Eu sou o trunfo na manga do Renato, ele brinca, dizendo que se eu aparecer vão acabar me chamado para disputar algum cargo. Já houve convites generosos de pessoas, mas acredito que por simpatia e até por brincadeira.
Eu e ele caminhamos juntos. E nesse caminho, eu nunca tive nenhuma ambição por cargos, portanto eu nunca cogitei me candidatar.
O próprio Renato nunca imaginou ser governador. Ele se formou em Engenharia Florestal. Os planos dele eram dar aulas numa universidade, em outra cidade. Mas ele decidiu voltar para Castelo.
Ele tinha o pensamento de que se a cidade deu oportunidade para que ele pudesse ir para universidade, ele deveria retribuir. Ele sentia que tinha essa dívida.
Eu também penso um pouco assim, pois a gente acaba usufruindo do investimento na universidade e investimento pressupõe retorno.
É o caso das ações afirmativas, onde muita gente boa, inteligente e talentosa não teria condições de entrar no ensino superior. Eu não teria feito odontologia se soubesse, na época que era tão caro.
As pessoas que já nascem com oportunidades, muitas vezes não enxergam o quanto é difícil chegar a algum lugar.
Mesmo seu marido sendo um político renomado, a senhora manteve a sua profissão. Como a enxerga a sua individualidade diante da carreira do seu marido?

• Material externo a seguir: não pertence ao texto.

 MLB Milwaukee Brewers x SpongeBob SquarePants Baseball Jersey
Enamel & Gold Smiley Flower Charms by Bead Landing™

Eu não preciso ter um cargo eletivo, para exercer meu papel de cidadã ou mesmo dividir com o Renato algumas ideias de projetos. Tenho muito orgulho de Renato ter chegado aonde ele chegou e acho que ele corresponde.
Ele tem uma boa avaliação das pessoas por onde a gente viaja. Veem nele um político sério. É muito bom e muito gratificante acompanhá-lo. Tenho muito orgulho de onde ele foi parar, de que forma ele conseguiu e do reconhecimento que as pessoas têm pelo trabalho dele.

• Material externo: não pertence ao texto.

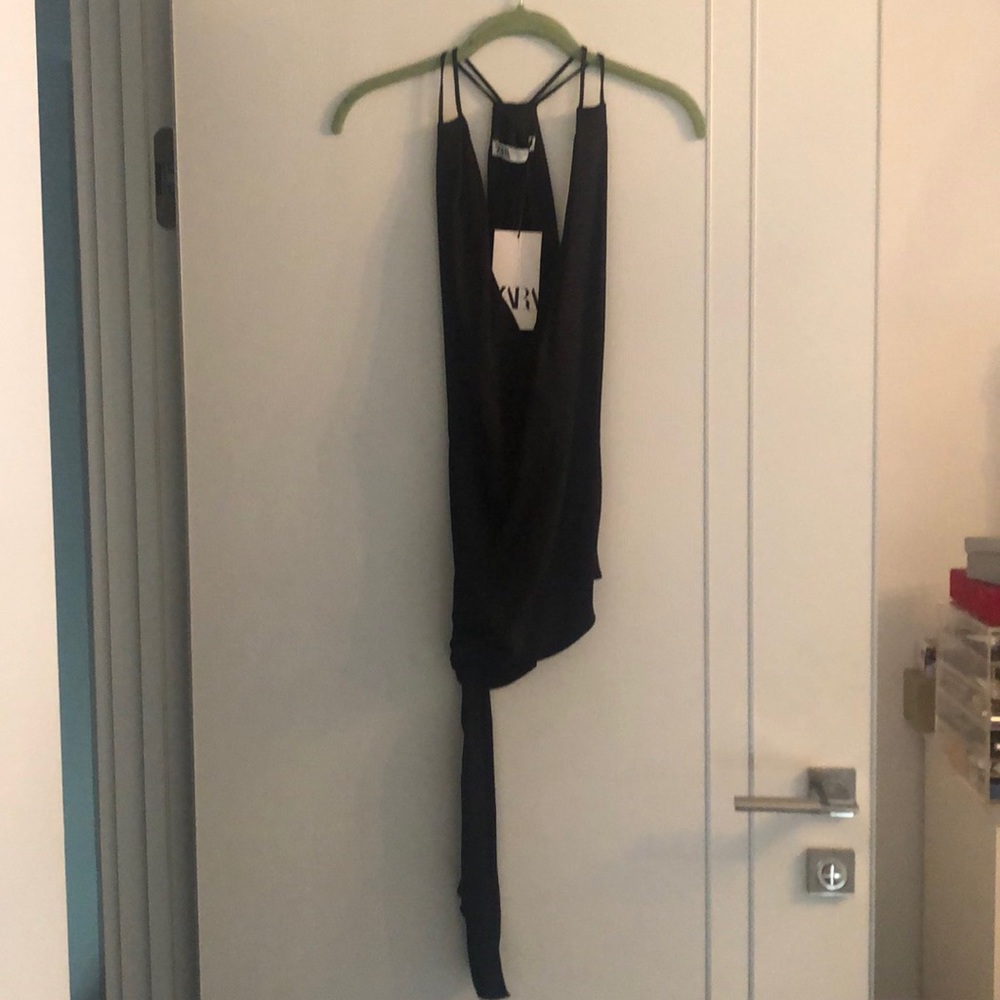 Black silky tank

A senhora acompanha de perto as notícias do universo político?
Eu acompanho de perto a notícias e às vezes peço para o Renato me atualizar das informações de bastidores, porque essas mudanças são velozes. Agora com as redes sociais, ainda mais. Mas eu sempre acompanho, afinal, a gente é um ser político.
A política começa na sua relação familiar e na relação com os vizinhos. Quem nunca ouviu falar da famosa política da boa vizinhança?

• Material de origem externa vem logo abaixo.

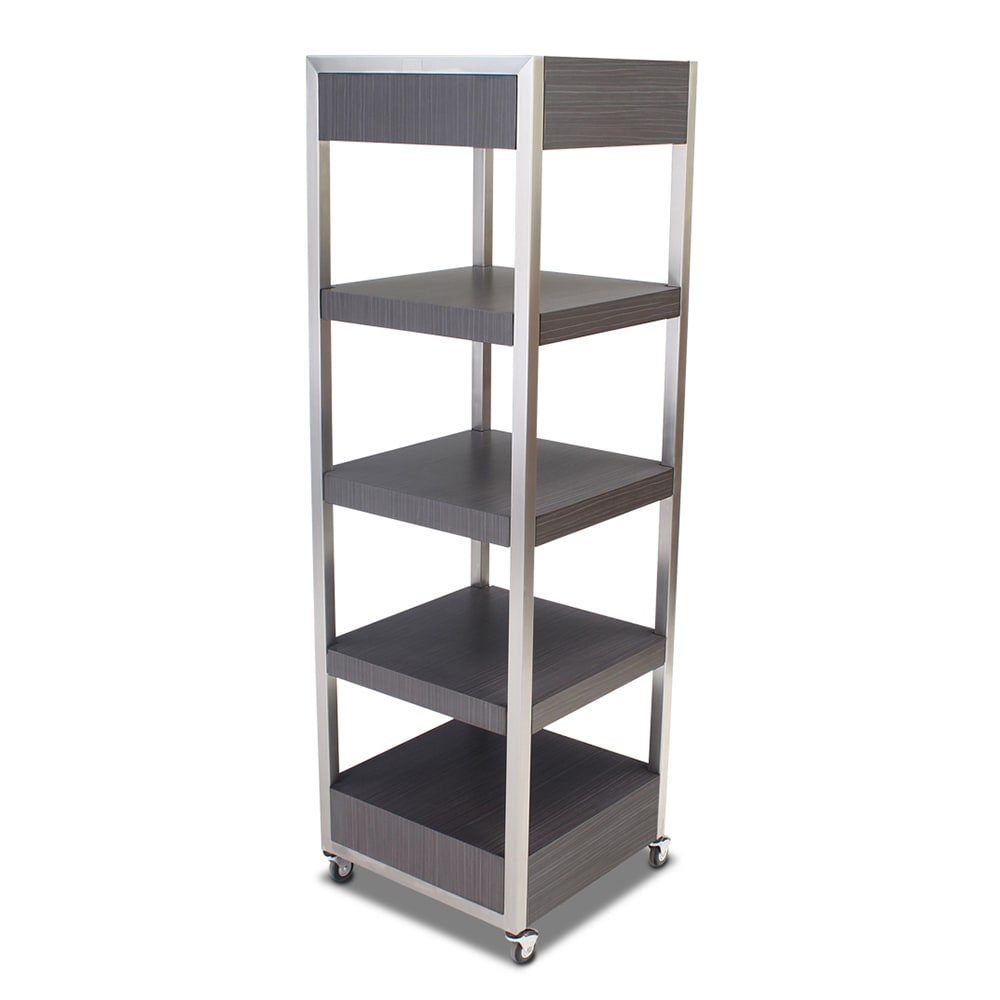 Forbes Industries Mobile Display Tower w/ (4) Laminate Shelves & Steel Frame - 24"L x 24"W x 78"H (6510)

Pode citar alguma decisão importante que contou com o seu conselho?
Passamos por muitas coisas juntos. Foram muitos desafios. Aquela chuva no fim de 2013, em que ele precisou ver tudo de perto, foi um exemplo. Os desafios acontecem para nós dois e essa tomada de decisão é unida.
Outro exemplo de momento desafiador foi a época da pandemia. Porque ele teve de se tornar um estadista, era dele que se esperavam as decisões.
Então, não foi um momento fácil. Até porque ele é mais democrata, mais adepto ao diálogo. Foi um momento que trouxe muita tensão. Mobilizou a toda a sociedade civil organizada, assumiu a responsabilidade e dividiu com todo mundo os resultados. Foram momentos bem difíceis, mas acho que nos saímos muito bem.